The point is perhaps more clearly stated by the fact that all commodity-capital in the economy constitutes either means of production or means of consumption. Similarly, all of this capital, composing the two departments, in aggregate, comprises one single department, which is the total social capital.
The capital employed, by either department, breaks down into the same two components – variable capital and constant capital. The variable capital, considered solely from the standpoint of value, is equal to the sum of the wages paid within that department. Considered from the material point of view, it comprises all the concrete labour employed within the department.
The constant capital comprises all of the materials and instruments of labour, including buildings etc. used in production. However, although the fixed capital component of this is employed, i.e. it has to be present in its entirety, for production to occur, as seen previously, it only transfers part of its value to the end product, or here to the value of the commodity-capital of the department.
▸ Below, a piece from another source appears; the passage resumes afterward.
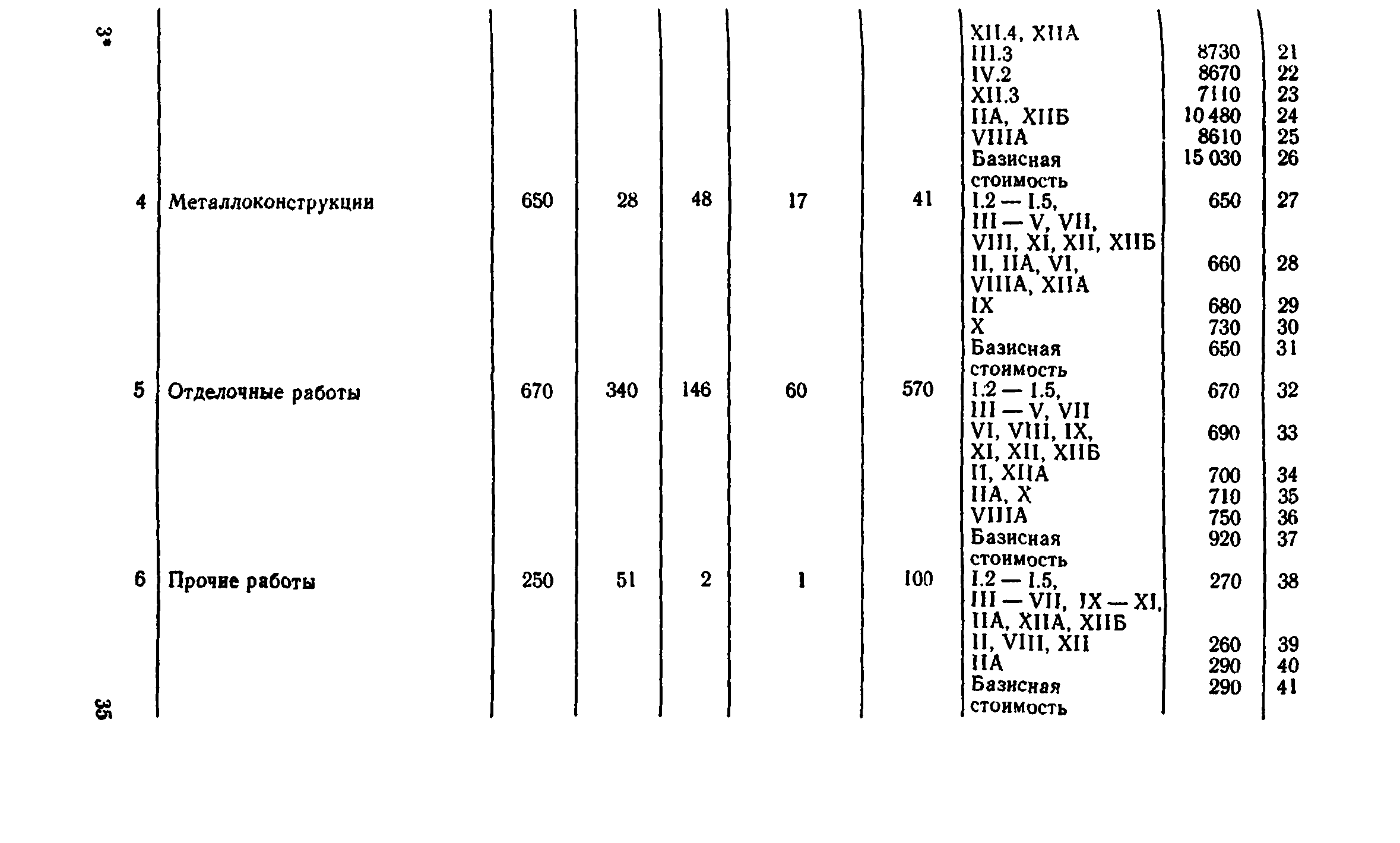 Сборник 8-4.1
Only that part of the constant capital that replaces the circulating capital, and that reproduces the fixed capital value, transferred as wear and tear, is included in the value of the commodity-capital.
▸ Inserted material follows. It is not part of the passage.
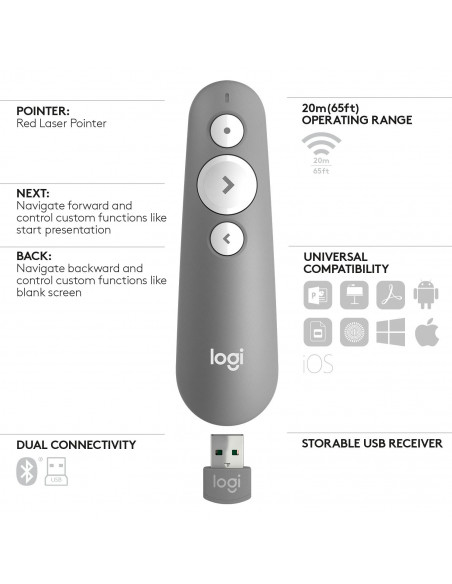 Logitech R500 puntatore wireless Bluetooth/RF Grigio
“The value of the total annual product created with the aid of this capital in each of the two departments consists of one portion which represents the constant capital c consumed in the process of production and only transferred to the product in accordance with its value, and of another portion added by the entire labour of the year. This latter portion is divided in turn into the replacement of the advanced variable capital v and the excess over and above it, which forms the surplus-value s. And just as the value of every individual commodity, that of the entire annual product of each department consists of c + v + s.” (p 400)
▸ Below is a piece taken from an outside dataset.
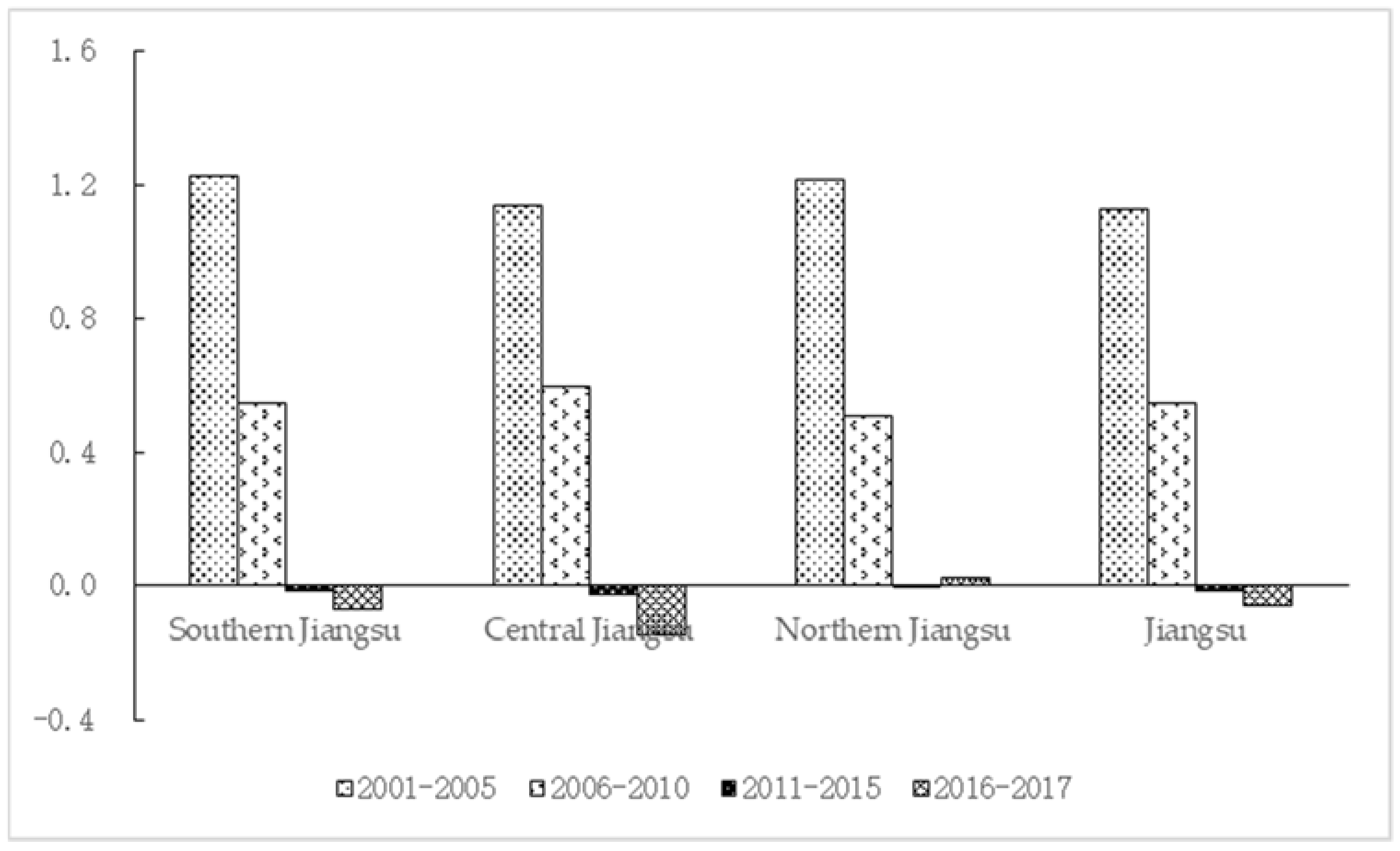 Ijerph 19 03275 g002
For now, for ease of elaboration, Marx excludes fixed capital, assuming that the constant capital employed is all consumed in the production of the commodity-capital.
Marx sets out a basic model comprising these two departments and the mutual exchange between them. These models, whether they are of simple reproduction, as here, or of expanded reproduction, which will be discussed later, show that the output of both departments CAN be exchanged so that it is fully consumed. In other words, these models are based on a concept of a general equilibrium theory.
But, of course, Marx did not believe that any such equilibrium exists. His theory is, in fact, a theory of dynamic disequilibrium. That is not just because he recognises that capitalism proceeds on the basis of repeated crises, which are violent means of resolving the contradictions inherent in the very functioning of the system, but also because, even without such crises, the continual revolution of production, which is a fundamental part of the functioning of the system, necessitates continual changes in the way capital and social labour-time is allocated.
So, whether it is in setting out these models here, or in setting out the resolution of the Transformation Problem, in Volume III, the fact that Marx has all of the output being unproblematically demanded/consumed does not at all mean that he believed it would be.